Ruler of Northern Yan
- Reign: September 16, 407 – November 6, 409
- Predecessor: Murong Sheng (Later Yan)
- Successor: Feng Ba
- Died: November 6, 409

Full name
- Family name: Originally Gāo (高), 397–407 Mùróng (慕容), changed back to Gāo in 407; Given name: Yún (雲);

Era name and dates
- Zhèngshǐ (正始): 407–409

Regnal name
- Heavenly King of Great Yan (大燕天王)

Posthumous name
- Emperor Hùiyì (惠懿皇帝, "kind and benevolent")
- House: Gao (by birth) Murong (by adoption)
- Dynasty: Northern Yan or Later Yan

= Gao Yun (emperor) =

Gao Yun (高雲) (died 409), at one time Murong Yun (慕容雲), courtesy name Ziyu (子雨), also known by his posthumous name as the Emperor Huiyi of Later/Northern Yan (後/北燕惠懿帝), was either the last monarch of China's Later Yan dynasty or the founding monarch of China's Northern Yan dynasty, depending on the historian's characterization. He was a descendant of the royal house of Goguryeo (Gaogouli), whose ancestors were captured by the Former Yan dynasty. He was adopted into the Later Yan imperial house after helping Murong Bao (Emperor Huimin) put down a rebellion by Murong Bao's son Murong Hui. Gao Yun became emperor after the people rebelled against the despotic rule of his adoptive uncle Murong Xi (Emperor Zhaowen), and during his reign, he used the title "Heavenly King". In 409, he was assassinated, and after a disturbance, was replaced by his ethnic Han general Feng Ba (Emperor Wencheng).

==Early life==
Gao Yun's ancestors were from the Goguryeo royal house. When Murong Huang defeated Goguryeo forces and temporarily occupied its capital Hwando, he took many members of the Goguryeo royal house captive and moved them to Qingshan (青山, in modern Jinzhou, Liaoning), and their descendants became Former Yan and Later Yan subjects.

As of 397, Gao Yun was a mid-level official in the administration of Murong Bao (Emperor Huimin), when Murong Bao, under military pressure by Northern Wei, abandoned the capital Zhongshan (中山, in modern Baoding, Hebei) and sought to take refuge at the old Former Yan capital of Longcheng (龍城, also in Jinzhou). On the way, his son Murong Hui, resentful that his younger brother Murong Ce (慕容策) was made crown prince over him, rebelled, and while Murong Bao was able to reach Longcheng, Murong Hui put Longcheng under siege. During one night, Gao Yun led about 100 soldiers and made a surprise attack on Murong Hui's camp, causing Murong Hui's army to collapse. Murong Hui fled to Zhongshan and was killed there. For Gao Yun's contributions, Murong Bao made him the Duke of Xiyang and adopted him as his own son, and so his name was changed to Murong Yun. It was around this time that he befriended another general, Feng Ba, as Murong Yun was not looked upon favorably by others because he was a man of few words, but Feng Ba saw that he had wisdom and tolerance.

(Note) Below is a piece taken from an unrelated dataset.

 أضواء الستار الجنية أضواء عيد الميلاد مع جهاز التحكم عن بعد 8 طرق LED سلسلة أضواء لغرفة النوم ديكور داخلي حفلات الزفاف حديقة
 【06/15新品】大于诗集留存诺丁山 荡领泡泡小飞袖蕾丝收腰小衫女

Little is known about Murong Yun's life in the next few years. By 406, he was a major general under the reign of Murong Bao's cruel and arbitrary younger brother Murong Xi (Emperor Zhaowen), when, at the instigation of Murong Xi's wife Empress Fu Xunying, Murong Xi made a disastrous attack on Goguyreo in which many soldiers died not from battle but from exposure to the cold. Murong Yun himself suffered an arrow wound during the battle, and, because he feared Murong Xi's cruelty, used this as an excuse to resign his post and remain at home.

In summer 407, Empress Fu died. Murong Xi mourned her so much that he ordered that a magnificent tomb be built for her. The officials were all forced to weep for Empress Fu, with those who could not shed tears punished severely, so they put spicy food in their mouths to stimulate tear production. Eventually, Murong Xi accompanied Empress Fu's funeral procession out of Longcheng.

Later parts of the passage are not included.